Gosia: Marcin and I met over nine years ago during a high-school English contest and, because we were the only two nerds talking about music in our speeches, we felt we might have a lot in common. It took Marcin about two years of persuading me into forming a band, as both of us played instruments and we had almost the exact library on our iPods. I finally agreed and out of boredom during a university break we started making music and here we are.
Given the state of mainstream culture that permeates how we consume media, how would you introduce your activity to a stranger?
We are a band formed by socially awkward people who at the same time are aware that they have to be visible in your Internet feed but don’t really want to be too intrusive about it, so once in a while, we will inform you about some things that are going on in our lives as a band, and it’s mostly only music-oriented content. We’re just two music nerds!
Sometimes we kind of feel like old souls. We’re a live band that still drags loads of gear with them when we could computerize more parts, but that’s what feels right for us.
Take me through your sound design process. Is this a quick process, or something you might obsess over and re-visit?

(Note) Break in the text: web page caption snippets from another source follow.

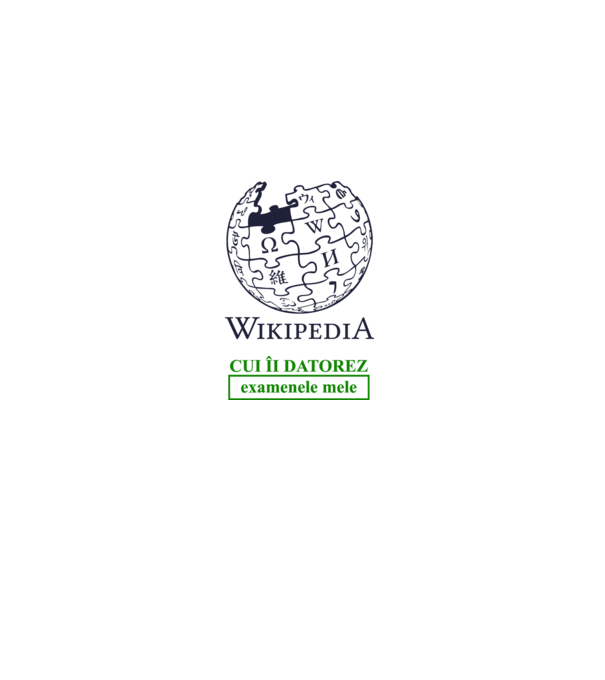 Wikipedia: cui îi datorez examenele mele model alb pe tricou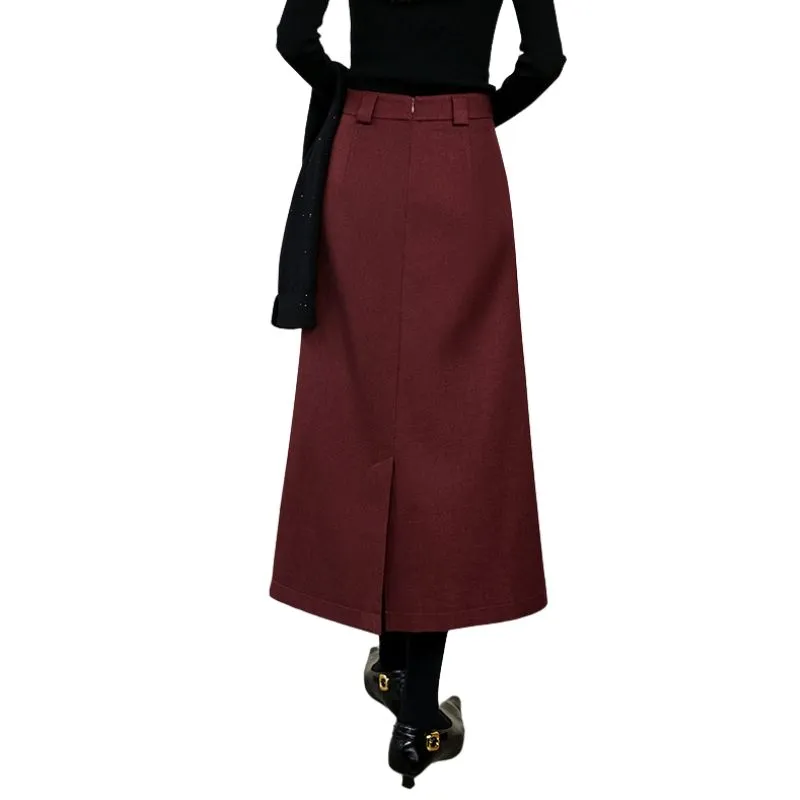 Late White Skirt Women's Ancora Red-1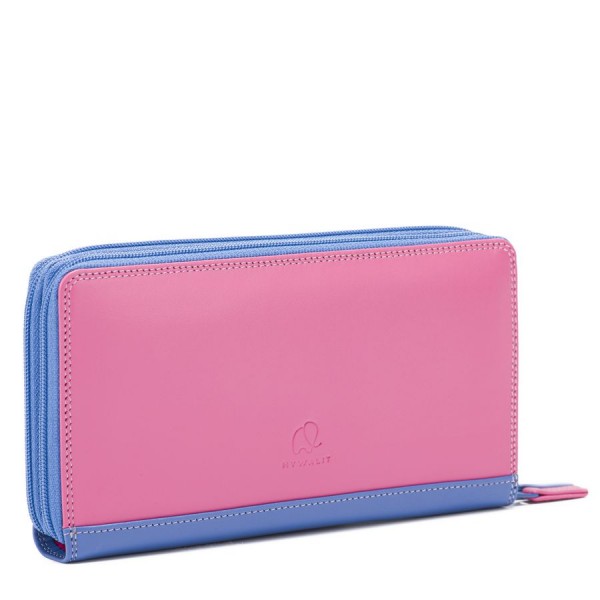 Mywalit Portafoglio con doppia zip grande Viola Offerta speciale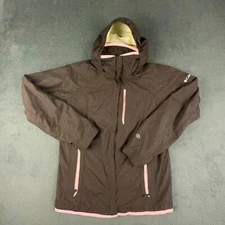 Columbia Jacket Girls 18/20 Brown Long Sleeve Full Zip Bugaboo Hoodie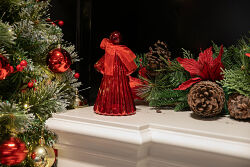 DEKORATİF MELEK KIRMIZI D9,8 - 3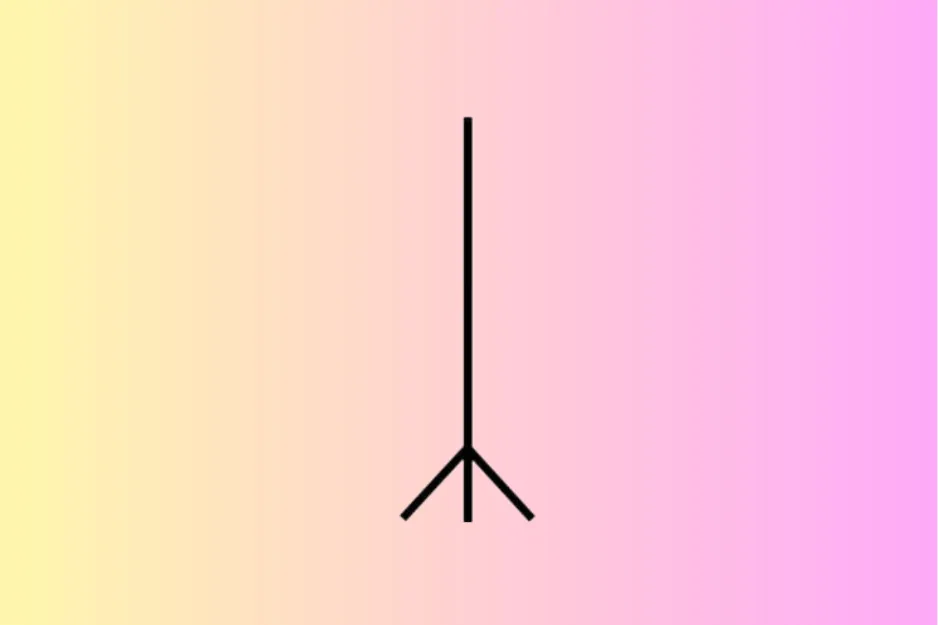 Minimalist icon of a black matrix with branches forming the letter B on a gradient pastel background.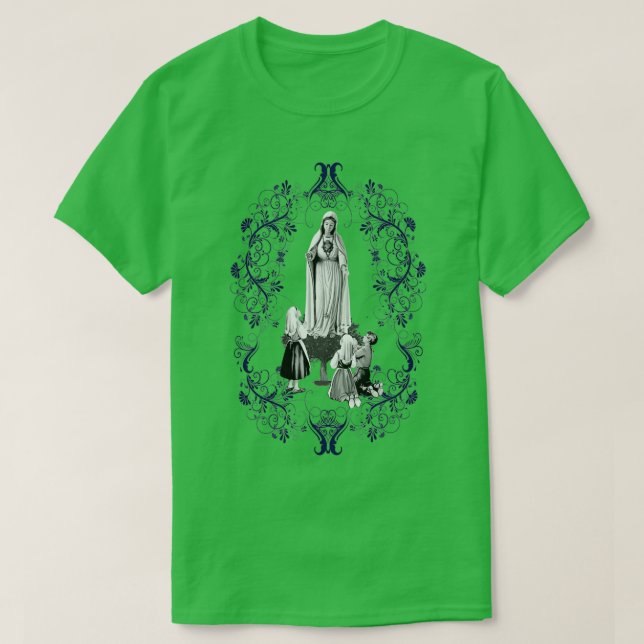 Apparition of Our Lady of Fatima T-Shirt (Design Front)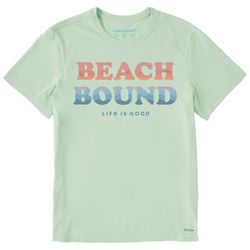 Life Is Good Solid Beach Bound Logo T-Shirt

We love details and are perfectionists, and with ‘What’s The Deal With Time?’ for the first time we took our time and didn’t hurry to finish the album. The composition process was extremely quick and creative and after a couple of months we had a finished record from a composition point of view, and then the honeymoon ended. The production process was definitely less sexy. We needed a lot of months to feel that the record doesn’t have elements that are useless and after over a month after the release, we are still happy that we didn’t rush it and we wouldn’t change a thing. We’re really proud of this one.
What are your core motivations for music-making, and have they changed over the years as you’ve become more visible?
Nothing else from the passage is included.